The Mudcat Café TM
Thread #138055   Message #3159009
Posted By: JohnInKansas
23-May-11 - 03:27 AM
Thread Name: Washtub Bass Stick
Subject: RE: Washtub Bass Stick
The stick shouldn't affect the sound by much, but how it's "socketed" onto the tub (for that kind of tub) could have a strong influence, and a change in sticks might cause you to change posture. (If you use your foot to hold the tub down, moving it slightly could affect tone.)

Broom handles are sometimes a relatively soft wood, and - as suggested - prone to break. The kind that "screws into" a shop broom will likely be a little harder than one cut off of a "broomstraw" sweeper. If you want a smaller diameter stick, rake handles, or hoe handles, are sometimes a good choice, since they're more often made of harder wood; but you're unlikely to find the kind of wood accurately named on the label of replacement handles. At hardware stores good rake/hoe handles run $20+(US) in my area, although they can be found for half that in "possibly inferior" wood, if you select sound pieces individually.

Closet rod, at 1.25 inches (3 cm) is a good choice if you want a "fatter" stick. I have several "well aged" ones I've used for holding up tarps in the campground when they were cheap, but I found the rod priced at a little over $1.20 (US) per foot the last time I looked for one.
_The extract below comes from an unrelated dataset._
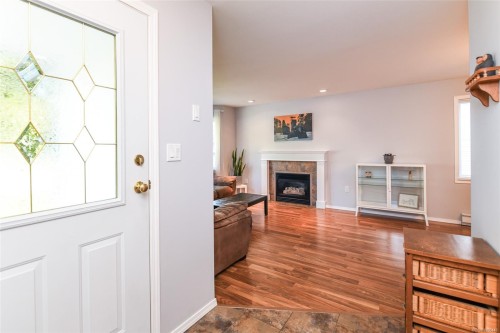2233 Bolt Ave, Comox, BC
Shovel handles are generally "harder" wood, but often have a bend at the end to fit into the blade. That may be just what you want, or may make them unusable depending on your "tub design." The "long straight" shovel handles seem hard to find in my area, and I'd think the "T-Handle" kind would be too short for most tub use.

Axe handles and mattock handles generally will be made from quite hard woods, but usually have peculiar bends and tapers that may be a problem. They are seldom round.

The C-section handrail would seem to me to have the same "asymmetry problem" but every tub - and every player - presents different oproblems and preferences. Round handrails, usually with at least a small flat on the underside, and other shapes can be found; but you might have to go to "specialty" shops. They'd likely be of good wood.

"Natural" sticks are sometimes found that can be a nice touch, but "fallen limbs" are seldom of sound quality and it may be difficult to find straight enough ones that you can cut from live trees/bushes. You might need to follow a tree-trimmer around for a while to find a really good one. Festivals often have "craft fairs" where you can find people vending "walking sticks" that might offer some interesting possibilities, but most of the regulars in my area make the majority of their sticks too short for my taste even as walkers.

One fellow who's been at our local festival for a couple of years uses a "doubletree"* for a stick, but he's using a six foot diameter "tub" and 3/16" aircraft cable for a string. (He sweats a lot when he plays; but he's "proud of being loud" - his main talent. I expect to see him with a 300 gallon stock tank and some bridge-structure parts if his "talent" continues to develop.)

* From Random House web dictionary:
doubletree [duhb-uhl-tree]
a pivoted bar with a whiffletree attached to each end, used in harnessing two horses abreast.